The code contained in fsl_usart.c driver contains a race condition on transmit. The error will occur in systems that have non-blocking transmit and receive happening simultaneously.
Starting at line 588 of the file (function USART_TransferSendNonBlocking), the following is used to start a transfer:
handle->txData = xfer->data;
handle->txDataSize = xfer->dataSize;
handle->txDataSizeAll = xfer->dataSize;
handle->txState = (uint8_t)kUSART_TxBusy;
/* Enable transmiter interrupt. */
base->FIFOINTENSET |= USART_FIFOINTENSET_TXLVL_MASK;
If a USART interrupt (such as a receive interrupt, etc) happens between setting txDataSize, and enabling the interrupt, the ISR will execute. Inside the ISR, a boolean (sendEnable) is set based on txDataSize. The main 'while' loop that sends/receives data uses this flag in conjunction with the FIFOSTAT register to (correctly) transmit the requested byte, decrement txDataSize, and enable the completion interrupt (TX_IDLEEN).
The ISR then completes, and returns to USART_TransferSendNonBlocking that now enables the TXLVL interrupt.
When the TXLVL interrupt triggers, txDataSize is zero (because it was previously transmitted), and the ISR (as written) never clears it, because the sendEnable flag is never true.

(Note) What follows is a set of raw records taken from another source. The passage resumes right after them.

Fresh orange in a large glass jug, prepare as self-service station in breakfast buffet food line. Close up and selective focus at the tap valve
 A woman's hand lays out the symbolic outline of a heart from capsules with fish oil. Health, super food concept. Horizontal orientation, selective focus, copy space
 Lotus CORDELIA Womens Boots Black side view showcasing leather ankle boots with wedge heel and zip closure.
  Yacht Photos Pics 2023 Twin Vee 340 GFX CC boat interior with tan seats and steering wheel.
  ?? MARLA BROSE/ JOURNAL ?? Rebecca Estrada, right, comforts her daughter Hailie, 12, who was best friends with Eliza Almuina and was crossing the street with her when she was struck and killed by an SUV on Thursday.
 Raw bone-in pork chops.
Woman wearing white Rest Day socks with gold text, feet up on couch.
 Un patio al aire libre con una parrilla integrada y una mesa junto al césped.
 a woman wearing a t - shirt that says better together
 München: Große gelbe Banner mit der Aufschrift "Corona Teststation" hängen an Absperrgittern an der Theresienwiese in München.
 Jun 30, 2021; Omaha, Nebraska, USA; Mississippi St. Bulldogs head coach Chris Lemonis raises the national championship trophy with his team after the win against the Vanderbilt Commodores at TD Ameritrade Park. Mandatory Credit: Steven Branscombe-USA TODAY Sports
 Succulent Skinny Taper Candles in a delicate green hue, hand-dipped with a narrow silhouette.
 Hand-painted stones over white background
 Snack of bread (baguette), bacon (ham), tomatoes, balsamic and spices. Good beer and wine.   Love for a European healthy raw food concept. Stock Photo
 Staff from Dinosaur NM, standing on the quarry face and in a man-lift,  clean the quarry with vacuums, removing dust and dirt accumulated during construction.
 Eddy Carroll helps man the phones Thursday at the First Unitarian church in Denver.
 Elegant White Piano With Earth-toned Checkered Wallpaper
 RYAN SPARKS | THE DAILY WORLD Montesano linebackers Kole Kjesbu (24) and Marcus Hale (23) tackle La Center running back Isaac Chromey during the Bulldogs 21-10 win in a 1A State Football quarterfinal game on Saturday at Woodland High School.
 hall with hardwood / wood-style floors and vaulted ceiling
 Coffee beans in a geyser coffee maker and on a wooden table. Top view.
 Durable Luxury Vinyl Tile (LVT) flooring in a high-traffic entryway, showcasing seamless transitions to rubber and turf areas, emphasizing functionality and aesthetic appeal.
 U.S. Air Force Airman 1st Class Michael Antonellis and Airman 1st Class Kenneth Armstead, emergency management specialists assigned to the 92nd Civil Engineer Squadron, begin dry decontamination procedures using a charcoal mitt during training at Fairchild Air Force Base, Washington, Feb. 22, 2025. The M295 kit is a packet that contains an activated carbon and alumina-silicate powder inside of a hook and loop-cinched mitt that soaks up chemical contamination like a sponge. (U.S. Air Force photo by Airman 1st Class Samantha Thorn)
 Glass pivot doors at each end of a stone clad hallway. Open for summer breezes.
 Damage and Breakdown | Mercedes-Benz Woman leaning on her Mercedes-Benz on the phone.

This causes the CPU to lock up servicing the USART IRQ. Depending on overall timing of my RTOS system, I've seen it lock up stuck with TXIDLEEN flag on (but txState not correctly set to kUSART_TxIdle) or with TXLVL interrupt enabled, but txDataSize == 0.
This whole mess comes about because the ISR uses multiple, non-atomic ways to determine what state the transmit engine is in (txDataSize, TXNOTFULL flag, txState). The correct way to sort this out would be to clean up the ISR to only move between states based on interrupt flags (which can be set/cleared atomically with the SET and CLR registers).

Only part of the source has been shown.